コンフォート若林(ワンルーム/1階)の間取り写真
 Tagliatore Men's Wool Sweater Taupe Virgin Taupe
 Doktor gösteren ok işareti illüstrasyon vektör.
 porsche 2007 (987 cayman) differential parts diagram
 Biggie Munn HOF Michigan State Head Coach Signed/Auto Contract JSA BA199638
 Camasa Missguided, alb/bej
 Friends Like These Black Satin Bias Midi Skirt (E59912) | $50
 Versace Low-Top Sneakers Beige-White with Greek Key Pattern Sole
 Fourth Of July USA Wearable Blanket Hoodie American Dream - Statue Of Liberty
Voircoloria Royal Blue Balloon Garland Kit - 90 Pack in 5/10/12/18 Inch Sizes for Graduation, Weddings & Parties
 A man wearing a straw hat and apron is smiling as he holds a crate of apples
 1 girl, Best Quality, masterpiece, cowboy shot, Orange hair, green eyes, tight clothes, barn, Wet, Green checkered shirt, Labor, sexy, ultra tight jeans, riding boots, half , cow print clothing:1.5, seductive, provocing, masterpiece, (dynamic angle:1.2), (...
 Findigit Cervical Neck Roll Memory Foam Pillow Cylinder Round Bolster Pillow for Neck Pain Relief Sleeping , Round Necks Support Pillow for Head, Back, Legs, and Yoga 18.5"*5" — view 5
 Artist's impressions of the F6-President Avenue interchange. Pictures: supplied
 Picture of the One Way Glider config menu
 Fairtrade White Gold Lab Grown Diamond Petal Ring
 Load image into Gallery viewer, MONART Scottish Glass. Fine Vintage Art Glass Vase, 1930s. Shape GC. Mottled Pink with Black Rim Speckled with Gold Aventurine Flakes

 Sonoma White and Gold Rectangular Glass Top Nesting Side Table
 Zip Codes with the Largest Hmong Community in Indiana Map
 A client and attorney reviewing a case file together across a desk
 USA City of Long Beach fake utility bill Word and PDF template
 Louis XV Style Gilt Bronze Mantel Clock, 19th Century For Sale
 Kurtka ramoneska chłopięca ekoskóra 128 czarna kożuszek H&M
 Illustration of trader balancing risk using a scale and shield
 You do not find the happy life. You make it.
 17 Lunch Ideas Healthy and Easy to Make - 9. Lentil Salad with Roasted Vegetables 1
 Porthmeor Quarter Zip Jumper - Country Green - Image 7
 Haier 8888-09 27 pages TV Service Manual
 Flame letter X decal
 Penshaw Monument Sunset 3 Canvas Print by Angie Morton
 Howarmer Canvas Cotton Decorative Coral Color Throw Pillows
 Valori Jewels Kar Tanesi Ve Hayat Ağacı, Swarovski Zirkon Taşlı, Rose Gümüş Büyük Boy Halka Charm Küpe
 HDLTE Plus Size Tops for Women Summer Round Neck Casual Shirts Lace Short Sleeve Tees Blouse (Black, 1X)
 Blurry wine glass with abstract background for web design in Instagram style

◆ **BRIEF**
Filter the entries down to the lines that include the string "Black".

◆ **REPLY**
 Friends Like These Black Satin Bias Midi Skirt (E59912) | $50
 Load image into Gallery viewer, MONART Scottish Glass. Fine Vintage Art Glass Vase, 1930s. Shape GC. Mottled Pink with Black Rim Speckled with Gold Aventurine Flakes
 HDLTE Plus Size Tops for Women Summer Round Neck Casual Shirts Lace Short Sleeve Tees Blouse (Black, 1X)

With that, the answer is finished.